It is aluminum. My guess is that it's more about physical protection from crushing (based on the honeycomb reinforcement), but I don't know much about RF one way or the other.


----------



## brian_ (Feb 7, 2017)

Tremelune said:


> My main concern is the driveshaft angle. The angle at the differential has to precisely match the angle at the transmission or wear will accelerate greatly...so I've read. If you lower the transmission, you have to make sure it doesn't tilt at all.


Yes, mostly...

Traditionally a propeller shaft has universal joints (U-joints), which are used in pairs and mounted in phase. With U-joints, if the input (transmission output shaft in this case) and output (final drive pinion shaft in this case) are parallel, then the variations in angular velocity cancel out and the system runs smoothly; if they are not parallel the speed varies during each revolution causing vibration and increased wear. Despite this, they do tolerate some out-of-parallel, which happens with suspension travel in every live beam axle system.

Some cars don't use U-joints; at least at one end there is a flexible disk a.k.a. rubber doughnut a.k.a. giubo a.k.a. rag joint (known by brand names such as Rotoflex). With independent rear suspension the final drive doesn't move with the suspension, so the joints in this shaft need to accommodate only the minimal movement due to mounting bushing deflection. These joints need to run as straight as possible, and the angle at one end doesn't matter to the other end.
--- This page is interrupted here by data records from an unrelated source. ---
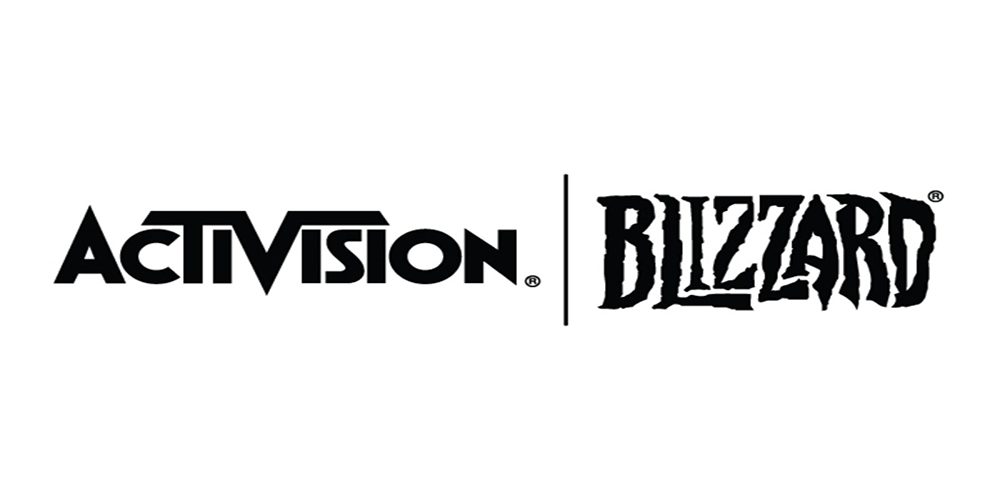 president resigns activision blizzard employee walkout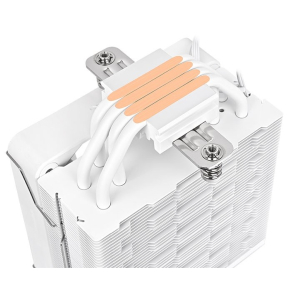 Cooler para CPU Thermaltake Astria 200 Blanco CL-P137-AL12SW-A / THERMALTAKE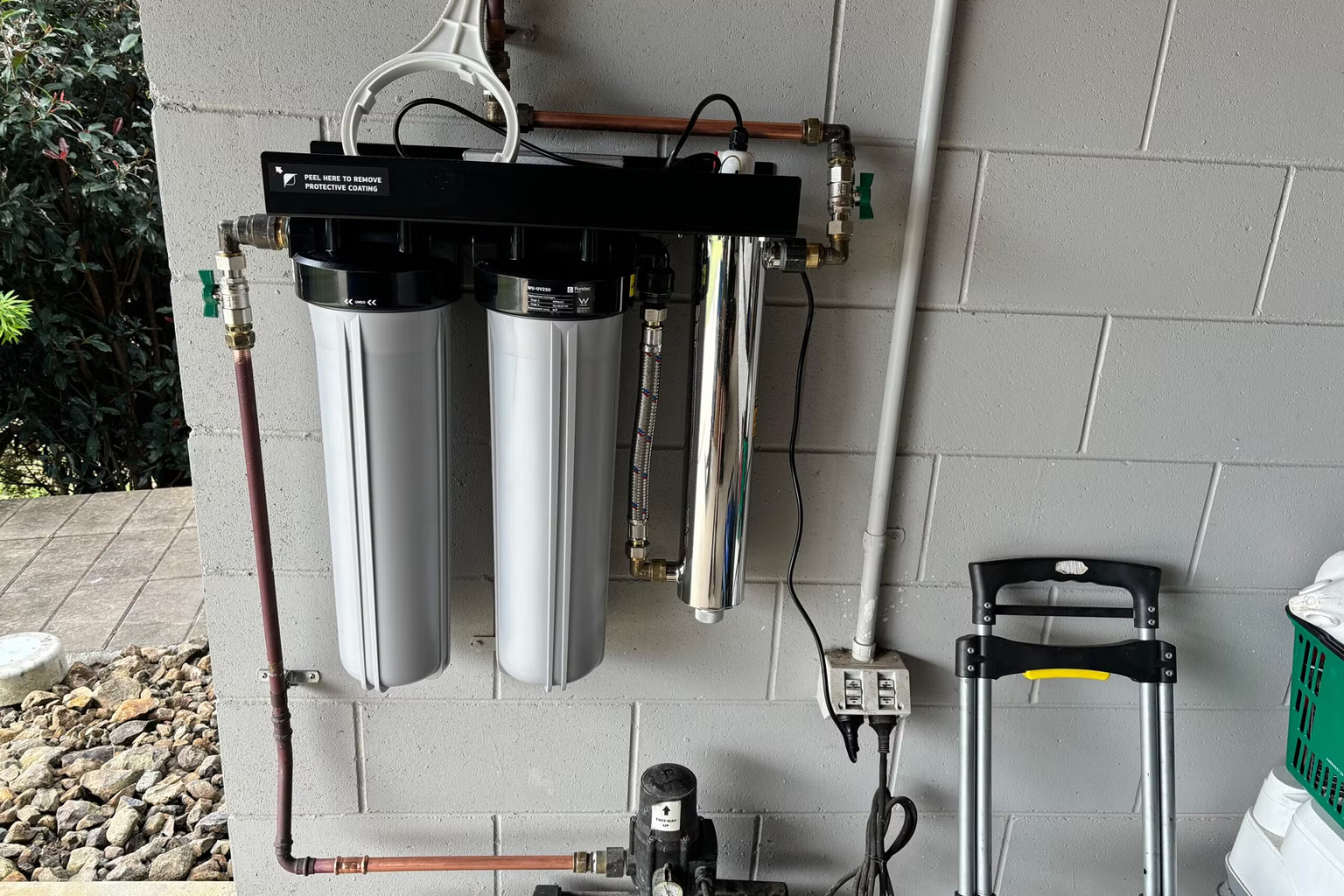Clean Water at Home and Beyond: Why Filtration Matters More Than Ever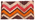 3 x 5 Vintage Boujad Moroccan Rug 79188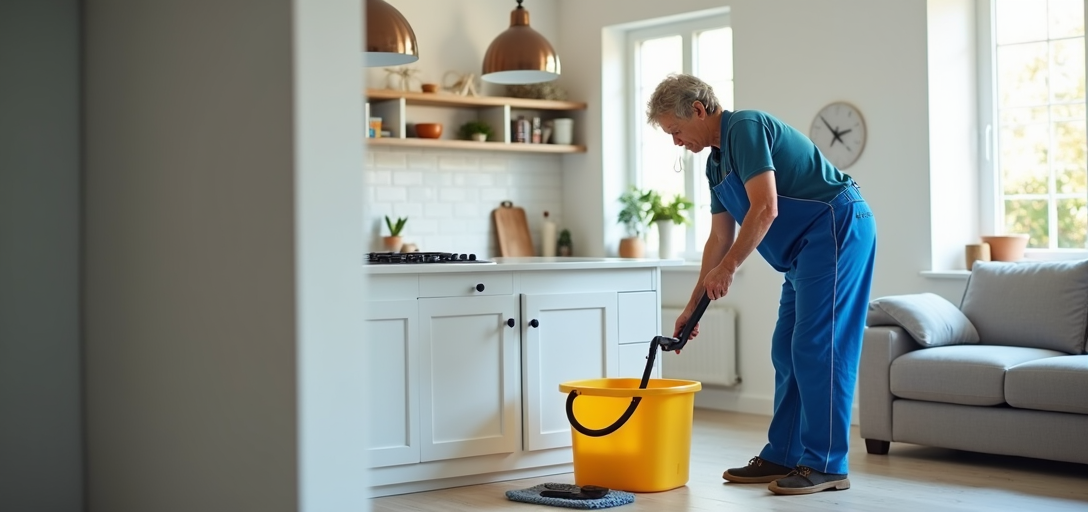 Exclusive Discounts: Discover Walmart's New Home Cleaning Services for Seniors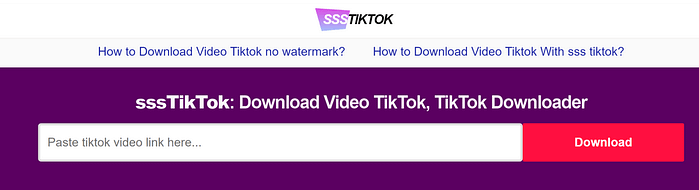 how to post TikTok on Instagram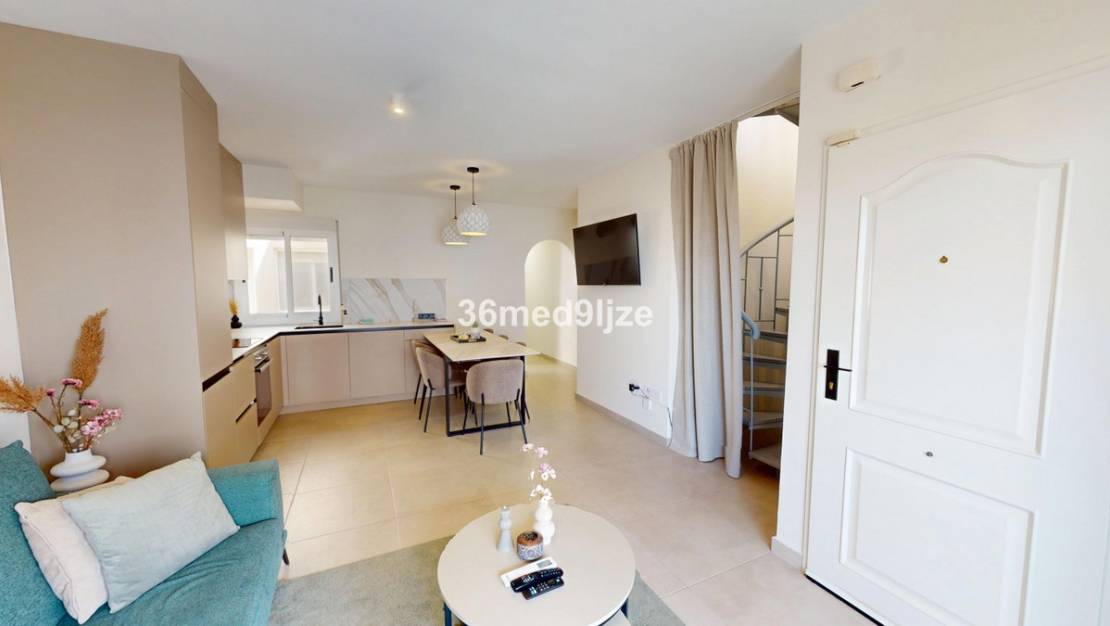 Sale - Apartment - Los Alcázares - Los Alcazares Centro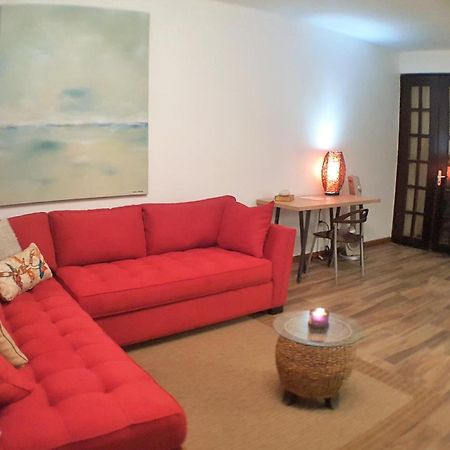Cozy Beach Apartment San Juan Zewnętrze zdjęcie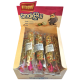 Колба Vitapol Smakers Box для нимф, со вкусом киви, упаковка 12 шт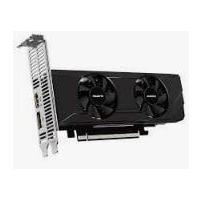 GIGABYTE GV-R64D6-4GL Radeon RX 6400 4GB 64bit GDDR6 PCI-E 4.0 Ekran Kartı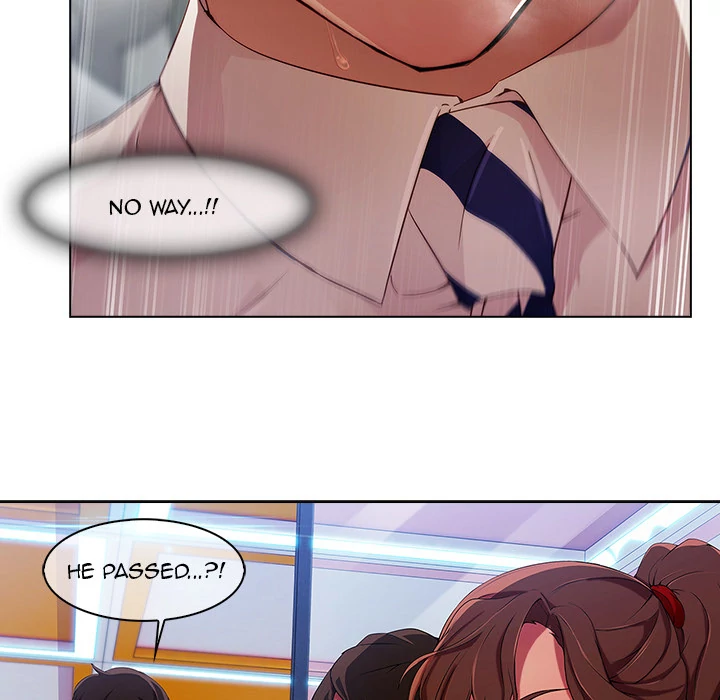 Lady Long Legs Chapter 5 Page 99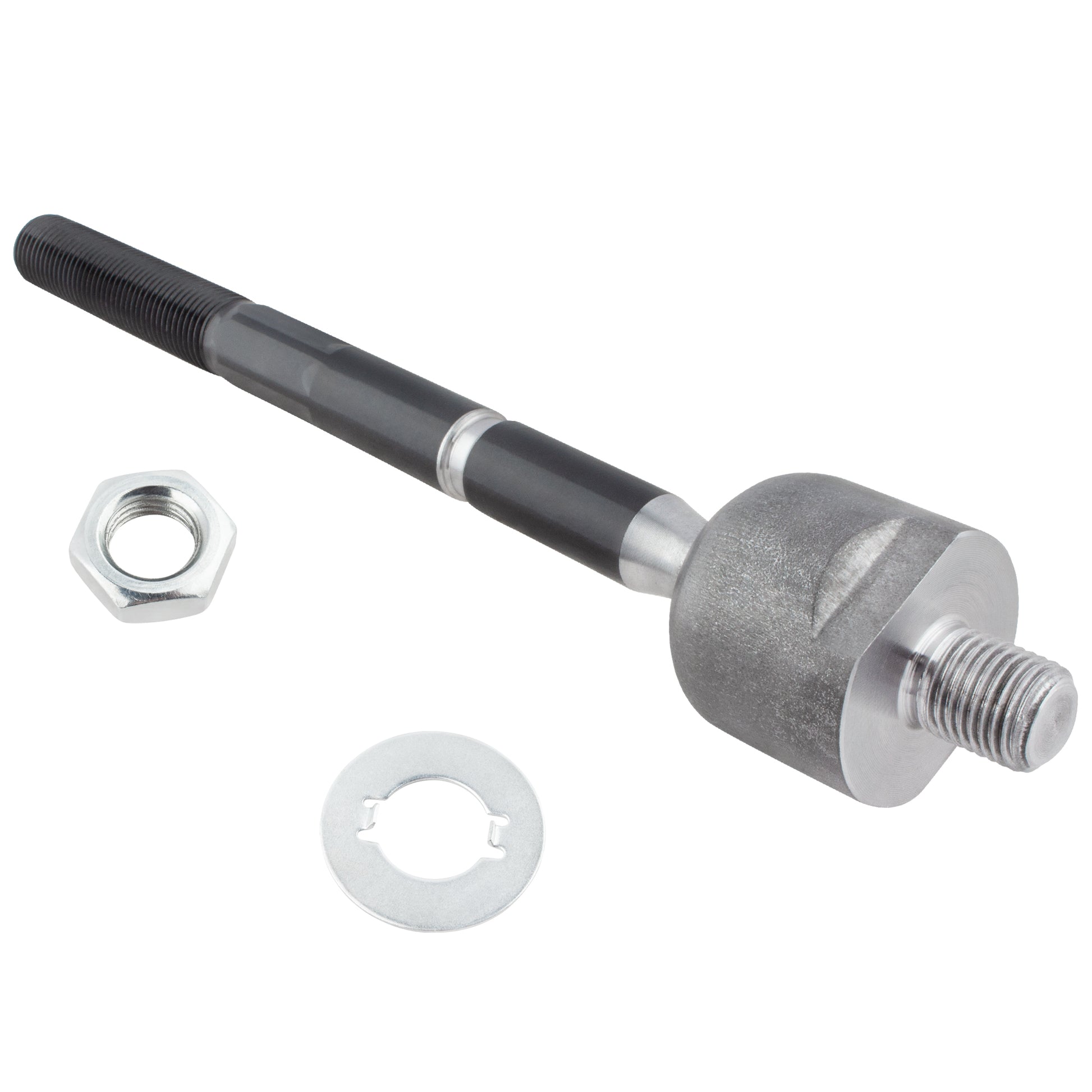 BOXI (Set of 6) Front Inner & Outer Tie Rod Ends + Sway Bars Links Kit Fit for Lexus SC430 2002 — product photo 7
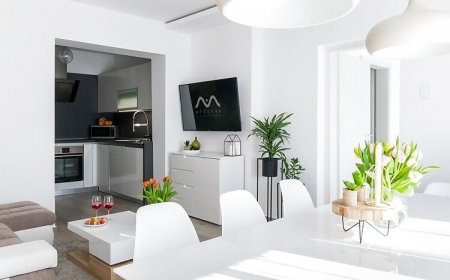 Moderna Vendégház Uppony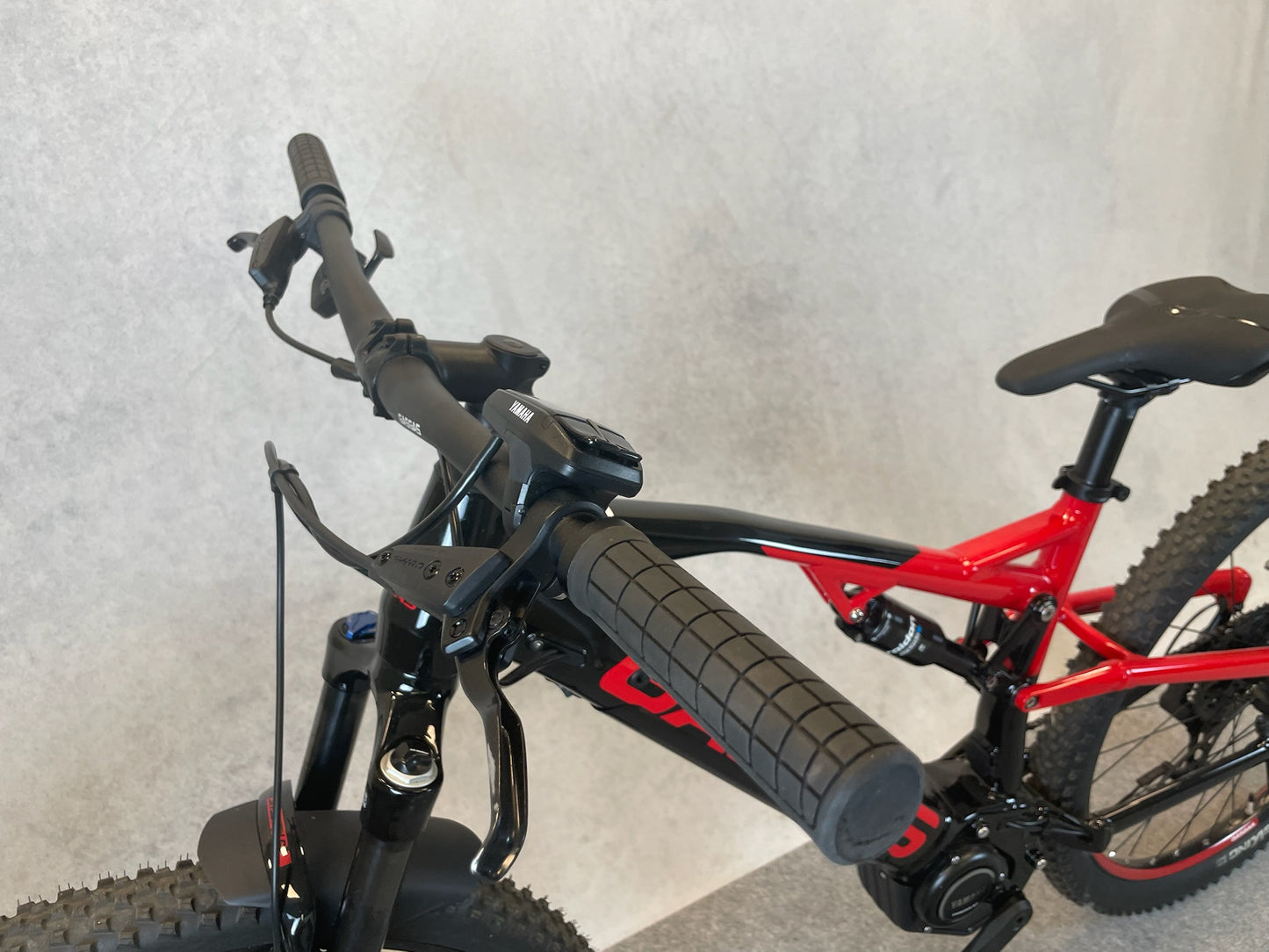 GASGAS G Trail 1.0
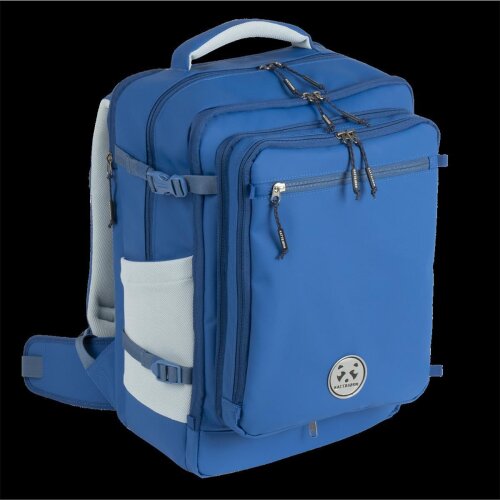 Kattbjörn Rucksack Classic - High Seas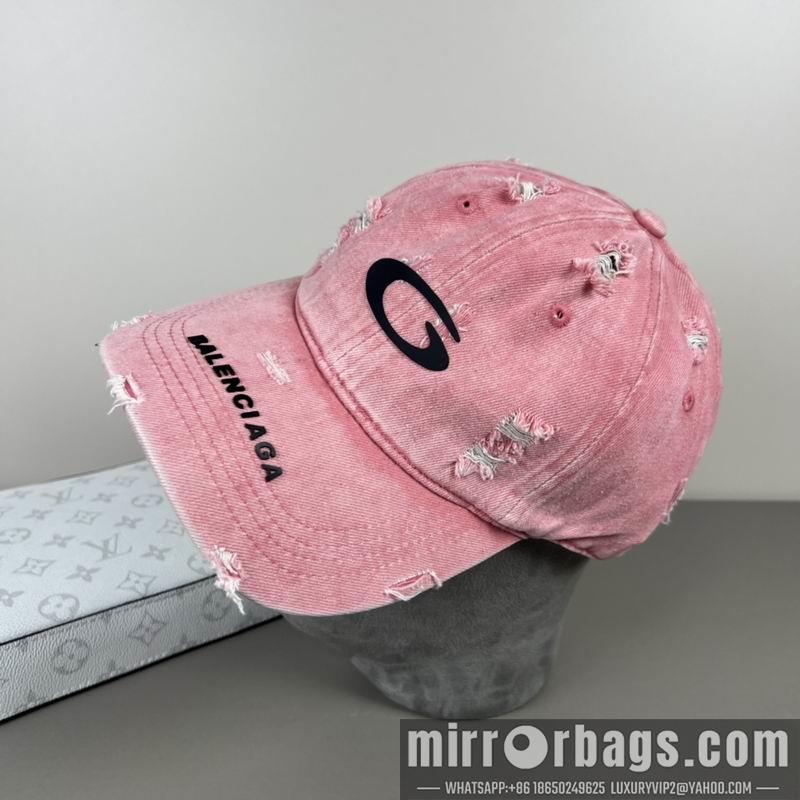Replica Balenciaga cap dx30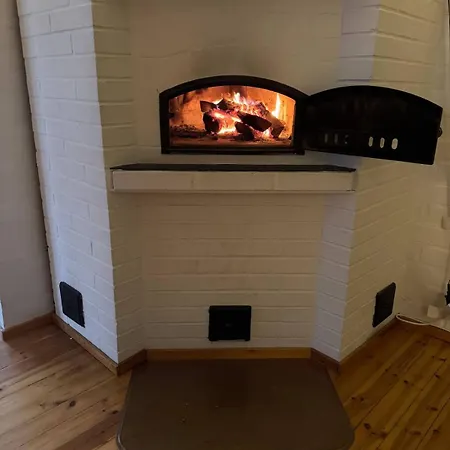 Old Appletree Helsinky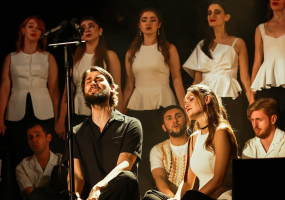 Хор "Гомін". На Біс!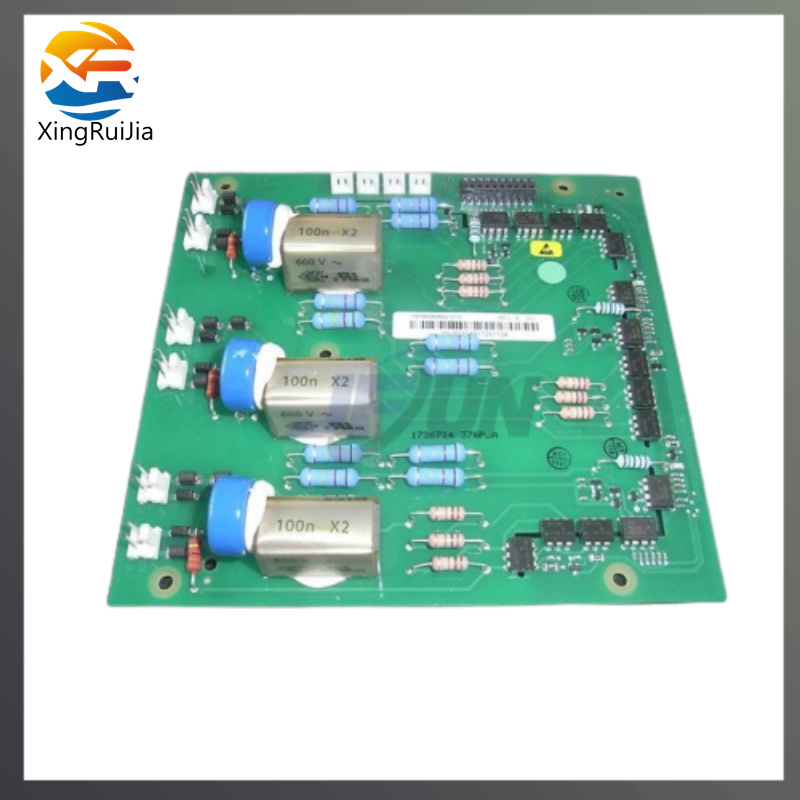 ABB Advant Master 工业控制系统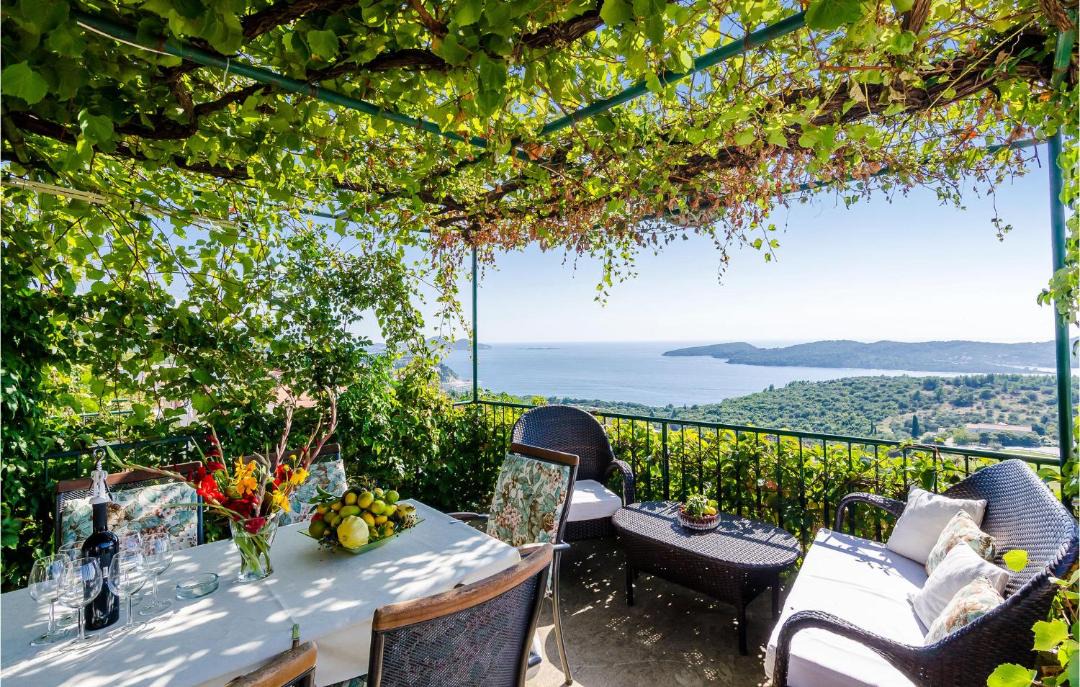 Photo of Patio Balcony in Orasac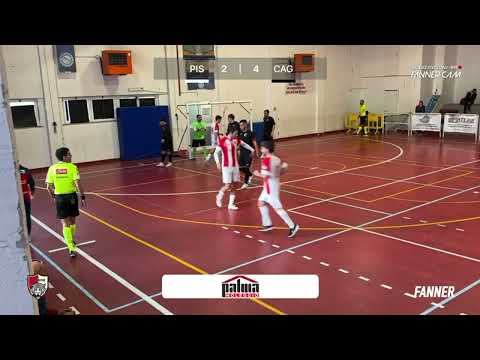 🎥 La Pisana 🆚 City of Cagliari | Highlights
As is often the case with German cars, the 2002 shaft appears to add an unnecessary degree of complication: it has a shaft with a U-joint at each end, but the front joint is well behind the transmission, with an extra shaft section from transmission to this U-joint. There is a flex disk joint between the extra shaft and the transmission. If that's what you have, you want the flex disk to run straight, and the extra shaft section and the final drive's pinion shaft to be parallel. To be fair, it could be worse: some newer BMWs have all three types of joint (flex disk, U-joint, and CV joint) all in one two-piece shaft, for maximal complication and cost, minimal reliability, and inherent vibration. 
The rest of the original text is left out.